Ecevit’in demokratik solundan geriye Fetullah Gülen’e düzdüğü methiyeler kaldı.
Bugün de aynı film, 99 sinemada ve 99 kanalda oynatılıyor.
CHP’de Genel Başkanlık yarışını Özgür Özel kazandı.
Kemal Kılıçdaroğlu, Kurultayda yaptığı konuşmada, “CHP, Avrupa’nın en güçlü sosyal demokrat partisidir. CHP, bugün Sosyalist Enternasyonal’in en şerefli, en değerli partisidir.” dedi.
Özgür Özel de Kurultayda yaptığı uzun konuşmada, “…biz sol bir partiyiz, biz sosyal demokrat bir partiyiz.” diyerek siyasal kimliğinin altını çizdi.
İstanbul İl Başkanı da Ekrem İmamoğlu da şerefle kendilerinin sosyal demokrat olduğunu öne sürüyorlar.
“Cumhuriyetin kurucu değerleri ve altı ok ilkemiz ile sosyal demokrasinin evrensel değerlerini birleştiren bir hat izleyeceğiz.” “Hem Kuvayi Milliyeciyiz, hem de sosyal demokratız.” bu tür laflar, CHP tabanında oldukça prim yapıyor.
Hem Kuvayi Milliyeci, hem sosyal demokrat olunmaz.
Cumhuriyetin kurucu değerleri, altı ok ilkesi ile sosyal demokrasi birleştirilemez.
Onlar her ikisi de zeytinyağı ile su gibidir.
Asla kaynaşamazlar çünkü her ikisi de birbirlerini ret ederler.

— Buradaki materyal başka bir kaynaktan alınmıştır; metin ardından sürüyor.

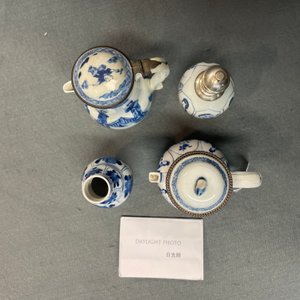 Two Chinese blue and white ewers and covers and two small vases, Kangxi — photo 11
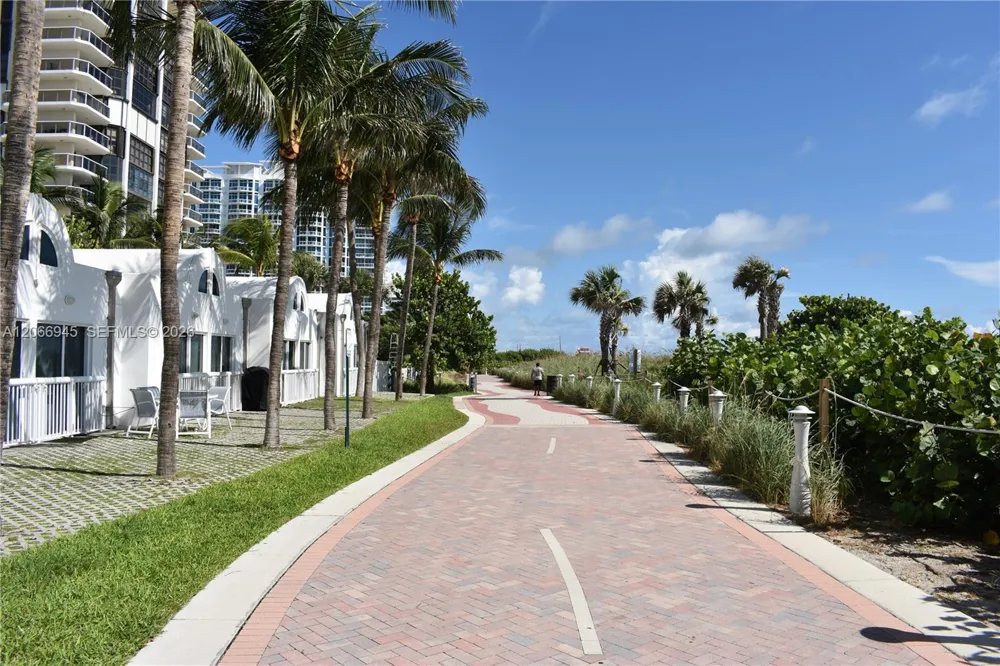 6365 Collins Ave #3804 Miami Beach, FL 33141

Alman devletinin istihbarat örgütü olan BND’nin eğitiminden geçmiş CHP’li yöneticilerin hiçbiri bir kez olsa bile “Türk ulusu” lafını ağızlarına almıyorlar.

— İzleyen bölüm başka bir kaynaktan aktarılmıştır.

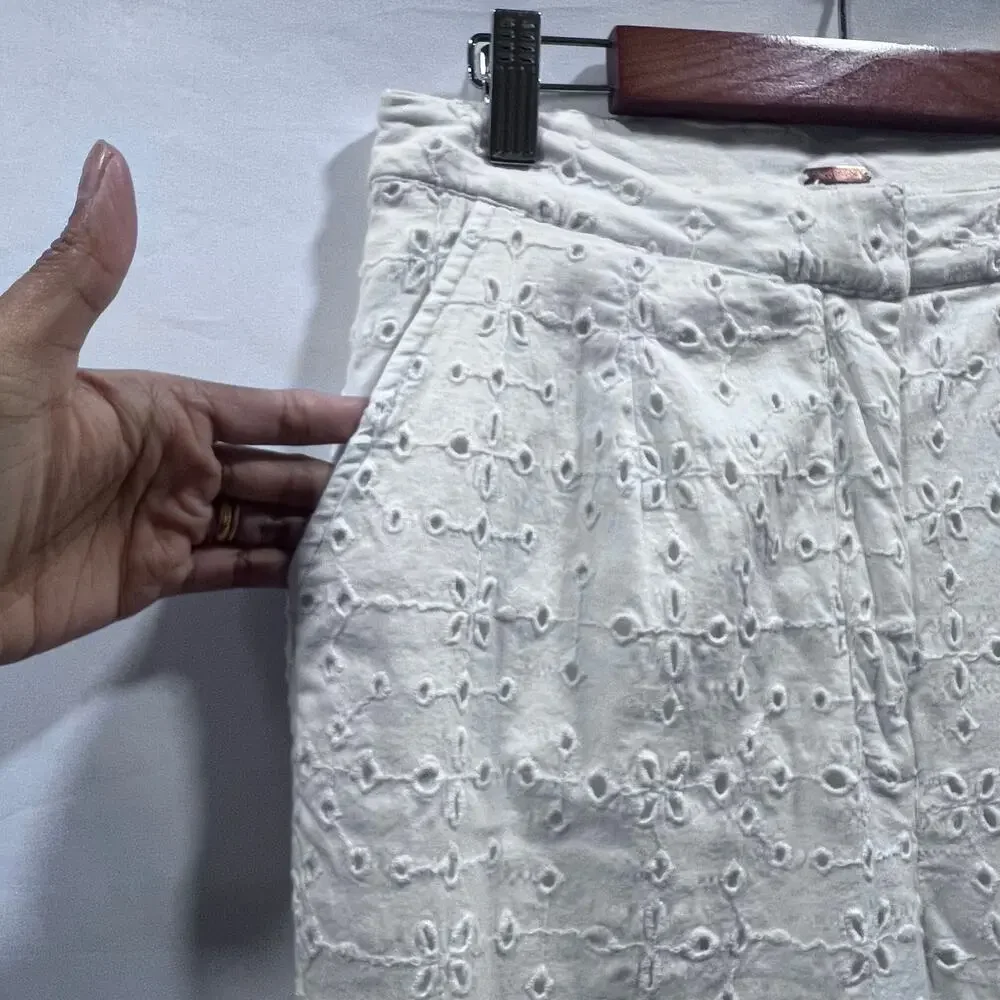 FREE PEOPLE White Eyelet High Waisted Trouser Pants Women's Size 6 (28x26) - Picture 4 of 9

Atatürk’ten bir şeyler söylemek zorunda kaldıklarında ise laikliğin dışında bir şey söylemiyorlar ve Atatürk’ü kendi çıkarlarına göre çarpıtarak yorumluyorlar.
Sosyalist Enternasyonal’in ve İlerici İttifak’ın en gözde partisi, HEDEP’tir. HEDEP bu kurumlarda gözlemci sıfatında yer alıyor.

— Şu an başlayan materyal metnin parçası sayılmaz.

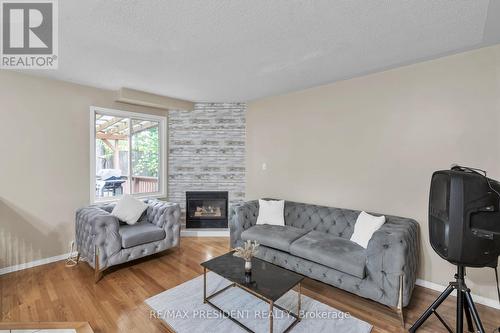 1370 Baycliffe Place, London, ON - Indoor Photo Showing Living Room With Fireplace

İlerici İttifak, 2019 Özel Siyasi Cesaret Ödülü’nü Selahattin Demirtaş’a verdi.
İlerici İttifak neyi savunuyor?
İllerici İttifak; Avrupa emperyalizminin demokrasisini savunuyor, cinsiyet eşitliği adı altında LGBT+’yi savunuyor, insan hakları adı altında ulus devletlerin etnik ve dini olarak ayrışmasını savunuyor, küreselleşme adı altında dünyanın yağmalanmasını savunuyor, iklim değişikliği adı altında ulusal ekonomilerin olanaklarının kısıtlanmasını savunuyor.
Emperyalizmin savunduğu demokrasisinin ne olduğunu bu günlerde en iyi Filistinliler anlamışlardır sanırım. CHP’nin satılmış yöneticileri, Avrupa emperyalizminin zehrini şekere bulayarak CHP kitlesine yedirmeye çalışıyorlar. Halk TV, TELE1, KRT gibi kanallardaki televizyon yorumcuları maaşa bağlandıklarından dolayı onlarda aynı yalanı ortada çevirip duruyorlar.
Sosyalist Enternasyonal ve İlerici İttifak yöneticileri, bize Araplaşmamızı öneriyorlar ve bu yüzden Türkiye’ye daha fazla sığınmacı gönderilmesini savunuyorlar.
Avrupalı sosyal demokratlar bize Cumhuriyet değerlerinden uzaklaşmamızı, Atatürk’ü unutmamızı öneriyorlar.
100. Yıl gösterilerinde milyonlarca insan Cumhuriyet değerlerine ve Atatürk’e sahip çıktı ama yönetimdeki kişilerin iki tane Atatürk lafı etmesine kanarak onların peşinden gidiyorlar.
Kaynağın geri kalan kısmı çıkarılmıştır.